Archived-At: <https://mailarchive.ietf.org/arch/msg/wpack/0uRzQkJeOXDv8ieaLJOZAlg3dTI>
Subject: [Wpack] Web Archives, Replaying Web Pages and WPACK
X-BeenThere: wpack@ietf.org
X-Mailman-Version: 2.1.29
Precedence: list
List-Id: Web Packaging <wpack.ietf.org>
List-Unsubscribe: <https://www.ietf.org/mailman/options/wpack>, <mailto:wpack-request@ietf.org?subject=unsubscribe>
List-Archive: <https://mailarchive.ietf.org/arch/browse/wpack/>
List-Post: <mailto:wpack@ietf.org>
List-Help: <mailto:wpack-request@ietf.org?subject=help>
List-Subscribe: <https://www.ietf.org/mailman/listinfo/wpack>, <mailto:wpack-request@ietf.org?subject=subscribe>
X-List-Received-Date: Fri, 10 Jul 2020 22:30:24 -0000

Hi,

I wanted to reach out again to the webpack group, as I believe I am working
on solving some of the same problems as wpack, but from the perspective of
web archiving.

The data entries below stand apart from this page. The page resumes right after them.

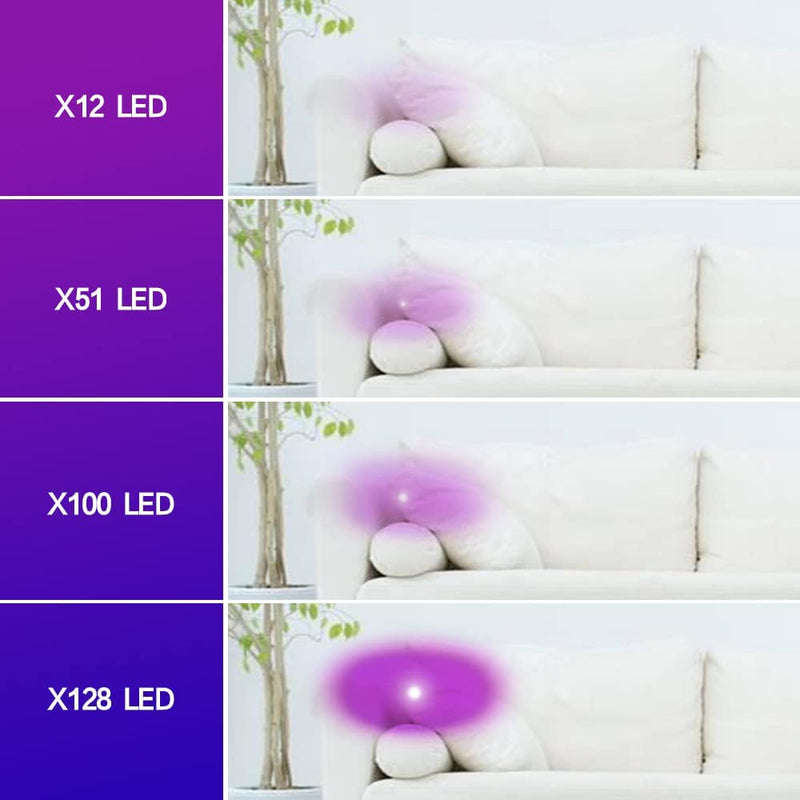 BEEYAOLUX UV Black Light Flashlight 128 LED UV Light , Blacklight For Home & Hotel Inspection, Pet Dog Cat Urine & Stains - Ultra Intensity 23W 385-395nm LEDs Spot Counterfeit Money, Leaks, Scorpions! - BeesActive Australia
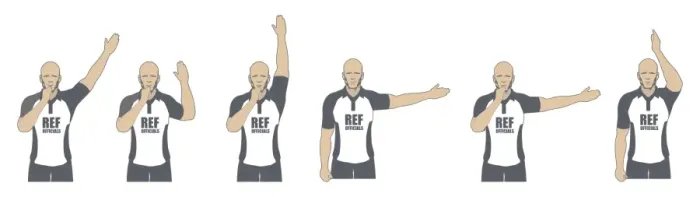 Framed Print : Rugby referee signalling penalty kick, free kick, try and penalty kick, advantage, scrum awarded, knock on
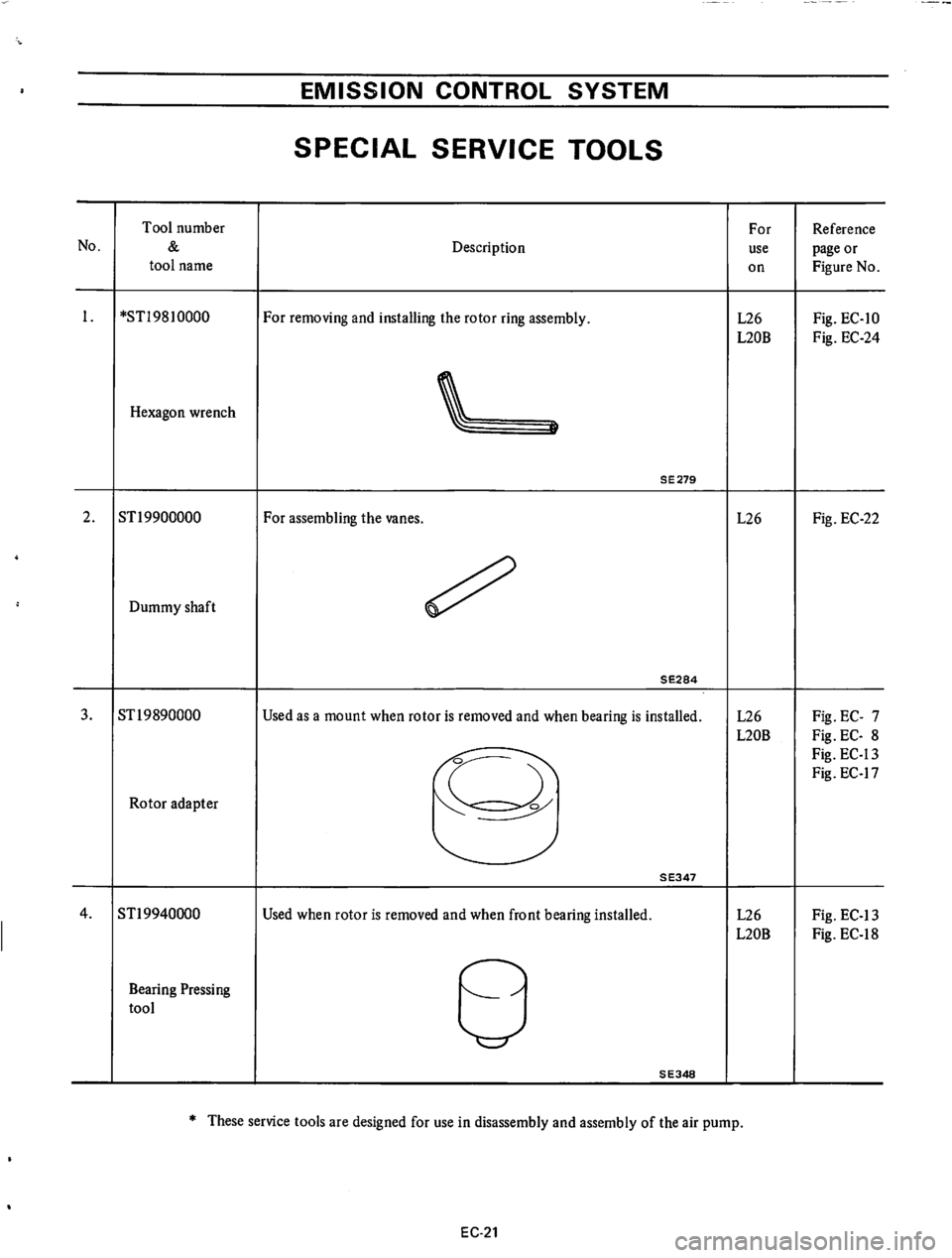 DATSUN 610 1974  Service Manual 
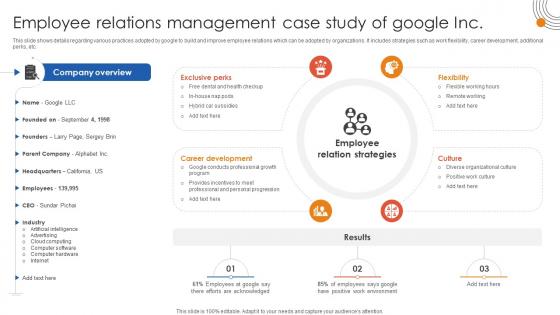 Human Resource Industrial Relationship Employee Relations Management Case Study Of Google Inc Human Resource Industrial Relationship Employee Relations Management Case Study Of Google Inc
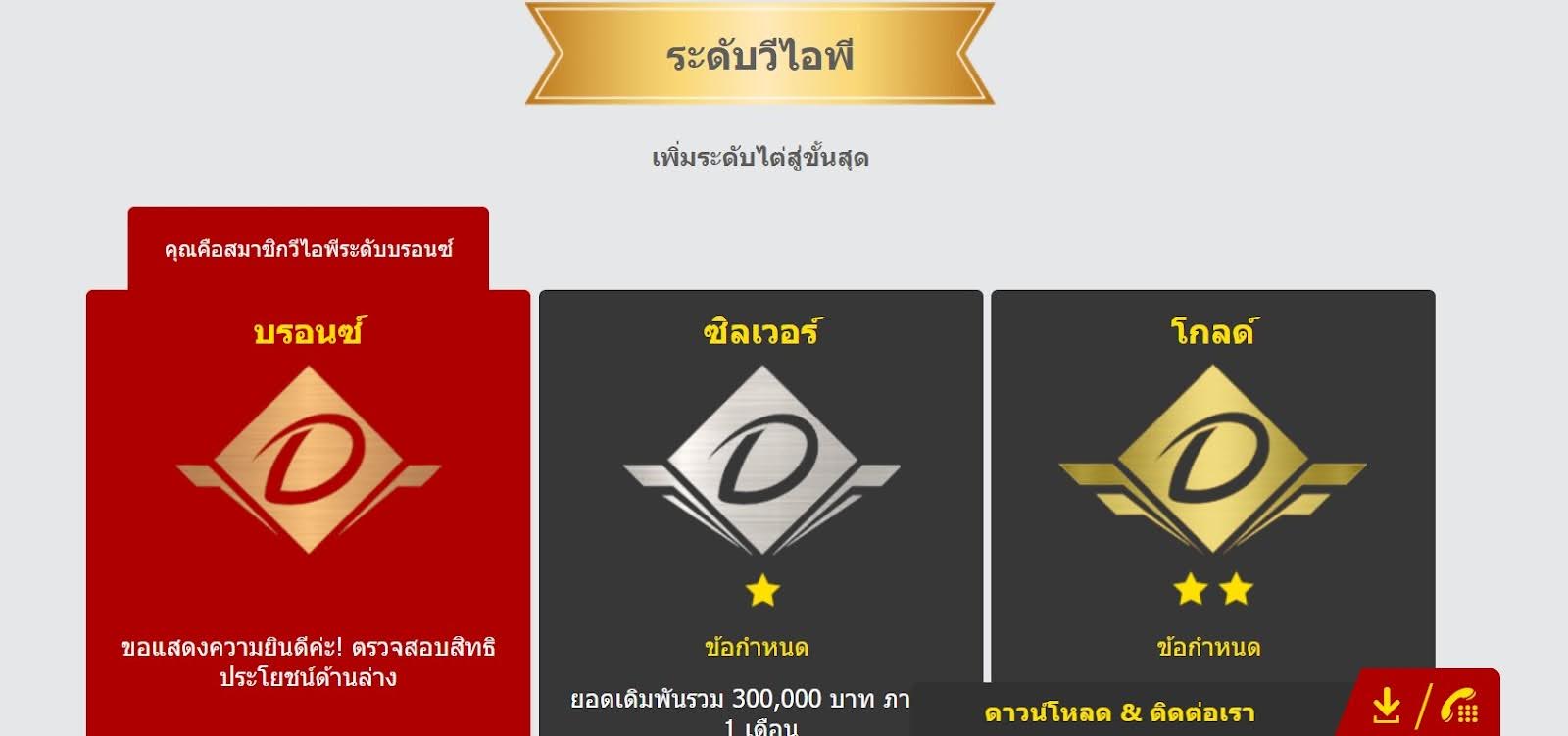 วีไอพีที่ Dafabet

It would be great if there was some way to collaborate with
this group, though I am struggling to understand how that could be done.

The overarching goal I believe seems to be the same: to replay HTTP network
traffic in a way that recreates an authentic representation of a website,
and to have a way to verify that the traffic was not forged. It seems a
'web archive' and a 'bundled http exchange' are fundamentally describing
the same type of object, with perhaps different storage requirements and
use cases.

I wanted to share a system, called https://replayweb.page/ which can replay
HTTP network traffic stored in a variety of formats directly in the
browser, using existing web standards, particularly Service Workers,
Fetch and IndexedDB (for caching).

Here are a few examples, which replay bundled HTTP traffic, and can even be
embedded in other pages as iframes:
https://webrecorder.net/embed-demo-1.html - replaying smaller
archives/bundles
https://webrecorder.net/embed-demo-2.html - replaying from a 17GB
archive/bundle
https://webrecorder.net/embed-demo-3.html - replaying more complex web
sites, including one with 3d viewer

These examples are all isolated and rendered independent of each other:
through Javascript rewriting and injection, the original Origin of the page
is emulated so that the site behaves as it is running on its initial
origin. This allows for replaying of complex, interactive web pages, though
is not perfect.

As I come from the web archiving community, I've focused mostly on WARC
format, as that is an existing ISO standard and widely in use, and the
system also supports replaying from HAR and the web bundles created via the
WBN tool.

However, the WARC format alone is a bit limiting, and there seems to
be a misunderstanding
about WARC
<https://github.com/WICG/webpackage/blob/fc9b3e75309546c805b5cdb1db74b2d58a8e0b28/explainers/navigation-to-unsigned-bundles.md#warc>:
It provides random access to HTTP traffic, but does not contain a built in
index necessary for random access (it is assumed the index is maintained
separately). To work around this, I've created a new 'bundling format', a
'bespoke zip format', which can contain WARCs (and other types of data,
even .wbn bundles), along with other metadata, and a compressed index.
This ZIP-based format is explained here:
https://github.com/webrecorder/web-archive-collection-format

Since the ZIP format allows for random access (see: ZipInfo
<https://github.com/Rob--W/zipinfo.js/>), it is possible to load all
bundled data on-demand via range requests. This allows the format to scale
to tens and probably hundreds of GBs.

The system also supports referencing URLs via query params in the fragment,
for example:
https://replayweb.page/?source=/examples/netpreserve-twitter.warc#view=replay&url=https%3A%2F%2Ftwitter.com%2Fnetpreserve&ts=20190603053135
loads
the WARC file, then loads the specified URL from the archive/bundle.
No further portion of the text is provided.